2
votes

I have a really big (1.5M x 16M) sparse csr scipy matrix A. What i need to compute is the similarity of each pair of rows. I have defined the similarity as this:

Assume a and b are two rows of matrix A
a = (0, 1, 0, 4)
b = (1, 0, 2, 3)
Similarity (a, b) = 0*1 + 1*0 + 0*2 + 4*3 = 12

To compute all pairwise row similarities I use this (or Cosine similarity):

AT = np.transpose(A)
pairs = A.dot(AT)

Now pairs[i, j] is the similarity of row i and row j for all such i and j. This is quite similar to pairwise Cosine similarity of rows. So If there is an efficient parallel algorithm that computes pairwise Cosine similarity it would work for me as well.

The problem: This dot product is very slow because it uses just one cpu (I have access to 64 of those cpus on my server).

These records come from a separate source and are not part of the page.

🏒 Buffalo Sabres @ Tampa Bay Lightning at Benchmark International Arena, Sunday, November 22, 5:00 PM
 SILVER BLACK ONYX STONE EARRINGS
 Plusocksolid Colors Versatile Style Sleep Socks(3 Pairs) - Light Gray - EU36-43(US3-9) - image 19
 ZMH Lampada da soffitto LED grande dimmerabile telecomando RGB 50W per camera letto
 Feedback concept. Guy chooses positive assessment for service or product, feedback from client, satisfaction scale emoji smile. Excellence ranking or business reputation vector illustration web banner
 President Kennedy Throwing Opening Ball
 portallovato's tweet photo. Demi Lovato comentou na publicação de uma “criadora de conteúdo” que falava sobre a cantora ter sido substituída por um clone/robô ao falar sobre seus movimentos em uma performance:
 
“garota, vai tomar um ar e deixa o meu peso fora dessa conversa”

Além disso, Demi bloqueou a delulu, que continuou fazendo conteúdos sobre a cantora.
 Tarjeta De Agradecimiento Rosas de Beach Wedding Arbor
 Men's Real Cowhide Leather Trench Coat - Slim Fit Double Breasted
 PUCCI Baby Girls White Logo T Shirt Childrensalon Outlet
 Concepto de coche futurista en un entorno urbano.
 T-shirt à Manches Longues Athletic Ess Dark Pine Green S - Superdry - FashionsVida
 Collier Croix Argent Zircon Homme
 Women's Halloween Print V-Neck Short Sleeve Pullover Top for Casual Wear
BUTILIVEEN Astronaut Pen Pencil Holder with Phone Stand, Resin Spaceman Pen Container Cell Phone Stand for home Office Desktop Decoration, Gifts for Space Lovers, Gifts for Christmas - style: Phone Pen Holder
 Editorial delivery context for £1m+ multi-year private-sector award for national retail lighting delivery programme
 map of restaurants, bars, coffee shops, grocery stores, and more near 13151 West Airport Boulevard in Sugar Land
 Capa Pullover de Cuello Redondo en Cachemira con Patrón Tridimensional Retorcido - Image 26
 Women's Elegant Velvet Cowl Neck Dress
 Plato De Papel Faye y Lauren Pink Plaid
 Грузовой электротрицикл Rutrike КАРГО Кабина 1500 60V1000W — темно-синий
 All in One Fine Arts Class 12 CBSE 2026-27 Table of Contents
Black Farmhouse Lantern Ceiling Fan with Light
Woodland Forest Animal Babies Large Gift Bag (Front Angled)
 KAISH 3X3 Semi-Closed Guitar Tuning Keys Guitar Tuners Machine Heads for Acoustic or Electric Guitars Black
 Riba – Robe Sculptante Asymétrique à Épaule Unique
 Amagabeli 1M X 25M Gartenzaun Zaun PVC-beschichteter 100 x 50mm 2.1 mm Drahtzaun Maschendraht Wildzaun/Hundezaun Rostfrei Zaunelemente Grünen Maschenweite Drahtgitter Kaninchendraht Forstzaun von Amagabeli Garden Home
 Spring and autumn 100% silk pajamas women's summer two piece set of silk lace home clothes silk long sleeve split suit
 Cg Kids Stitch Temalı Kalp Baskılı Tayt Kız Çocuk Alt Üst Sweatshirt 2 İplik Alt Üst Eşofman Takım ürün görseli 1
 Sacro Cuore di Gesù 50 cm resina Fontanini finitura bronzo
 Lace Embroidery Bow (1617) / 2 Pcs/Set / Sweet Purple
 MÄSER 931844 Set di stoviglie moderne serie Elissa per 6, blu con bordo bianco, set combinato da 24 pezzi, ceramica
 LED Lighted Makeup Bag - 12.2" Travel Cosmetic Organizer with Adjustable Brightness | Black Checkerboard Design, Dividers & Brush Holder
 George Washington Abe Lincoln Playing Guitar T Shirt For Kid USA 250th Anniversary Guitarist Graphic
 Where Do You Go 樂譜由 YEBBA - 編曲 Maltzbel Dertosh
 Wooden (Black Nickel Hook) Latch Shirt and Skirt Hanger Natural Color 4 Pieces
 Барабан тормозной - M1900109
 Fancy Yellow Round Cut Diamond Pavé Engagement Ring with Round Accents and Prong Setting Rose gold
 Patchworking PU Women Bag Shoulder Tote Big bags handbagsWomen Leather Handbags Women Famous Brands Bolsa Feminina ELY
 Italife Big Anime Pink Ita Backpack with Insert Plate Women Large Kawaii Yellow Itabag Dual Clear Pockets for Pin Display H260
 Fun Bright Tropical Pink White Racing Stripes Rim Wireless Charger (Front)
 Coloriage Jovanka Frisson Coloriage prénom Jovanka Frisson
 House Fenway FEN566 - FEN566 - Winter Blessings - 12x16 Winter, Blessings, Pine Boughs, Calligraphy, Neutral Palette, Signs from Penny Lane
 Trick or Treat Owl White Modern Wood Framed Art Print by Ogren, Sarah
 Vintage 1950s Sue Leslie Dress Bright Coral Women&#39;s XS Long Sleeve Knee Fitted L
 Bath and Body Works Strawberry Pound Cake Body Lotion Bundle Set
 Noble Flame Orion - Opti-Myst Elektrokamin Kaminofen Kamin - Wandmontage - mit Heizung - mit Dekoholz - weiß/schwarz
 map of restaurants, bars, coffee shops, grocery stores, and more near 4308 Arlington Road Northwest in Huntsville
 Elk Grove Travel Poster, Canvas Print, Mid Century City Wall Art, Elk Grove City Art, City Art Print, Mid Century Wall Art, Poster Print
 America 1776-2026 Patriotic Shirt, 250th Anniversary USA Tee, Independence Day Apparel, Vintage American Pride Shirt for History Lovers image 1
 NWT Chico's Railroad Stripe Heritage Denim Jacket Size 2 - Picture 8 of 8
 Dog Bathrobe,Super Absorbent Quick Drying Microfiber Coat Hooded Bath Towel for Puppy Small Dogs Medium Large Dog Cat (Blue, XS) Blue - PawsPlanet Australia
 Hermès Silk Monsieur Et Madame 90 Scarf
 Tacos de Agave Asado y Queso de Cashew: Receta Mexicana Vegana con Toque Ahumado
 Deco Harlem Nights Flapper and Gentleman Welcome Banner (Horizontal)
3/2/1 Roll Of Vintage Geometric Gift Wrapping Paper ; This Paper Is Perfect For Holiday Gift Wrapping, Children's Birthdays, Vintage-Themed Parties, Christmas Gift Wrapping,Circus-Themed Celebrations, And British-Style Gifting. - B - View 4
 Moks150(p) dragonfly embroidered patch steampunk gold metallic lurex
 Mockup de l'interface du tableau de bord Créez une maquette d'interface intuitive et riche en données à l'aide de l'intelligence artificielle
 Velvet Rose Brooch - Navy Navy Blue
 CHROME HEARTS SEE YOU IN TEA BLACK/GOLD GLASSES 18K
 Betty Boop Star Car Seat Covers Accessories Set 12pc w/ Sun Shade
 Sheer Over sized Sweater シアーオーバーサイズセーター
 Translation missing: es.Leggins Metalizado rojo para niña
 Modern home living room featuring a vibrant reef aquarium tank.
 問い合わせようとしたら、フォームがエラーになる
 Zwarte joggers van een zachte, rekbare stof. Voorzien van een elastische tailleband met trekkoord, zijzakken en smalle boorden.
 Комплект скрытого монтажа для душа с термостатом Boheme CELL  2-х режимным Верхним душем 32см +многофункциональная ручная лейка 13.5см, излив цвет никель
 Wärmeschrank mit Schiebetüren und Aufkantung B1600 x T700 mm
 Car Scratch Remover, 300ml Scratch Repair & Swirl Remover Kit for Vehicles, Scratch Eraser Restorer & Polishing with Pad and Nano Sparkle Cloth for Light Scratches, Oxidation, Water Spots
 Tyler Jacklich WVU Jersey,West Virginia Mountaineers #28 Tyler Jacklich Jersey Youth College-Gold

I can also export A and AT to a file and run any other external program that does the multiplication in parallel and get the results back to the Python program.

Is there any more efficient way of doing this dot product? or computing the pairwise similarity in Parallel?

2

2 Answers

4
votes

I finally used the 'Cosine' distance metric of scikit-learn and its pairwise_distances functions which support sparse matrices and is highly parallelised.

sklearn.metrics.pairwise.pairwise_distances(X, Y=None, metric='euclidean', n_jobs=1, **kwds)

I could also divide A into n horizontal parts and use the parallel python package to run multiple multiplications and horizontally stack the results later.

1
votes

I wrote own implementation using sklearn. It is not parallel but it quite fast for large matrices.

from scipy.sparse import spdiags
from sklearn.preprocessing import normalize

def get_similarity_by_x_dot_x_greedy_for_memory(sp_matrix):
    sp_matrix = sp_matrix.tocsr()
    matrix = sp_matrix.dot(sp_matrix.T)
    # zero diagonal
    diag = spdiags(-matrix.diagonal(), [0], *matrix.shape, format='csr')
    matrix = matrix + diag
    return matrix

def get_similarity_by_cosine(sp_matrix):
    sp_matrix = normalize(sp_matrix.tocsr())
    return get_similarity_by_x_dot_x_greedy_for_memory(sp_matrix)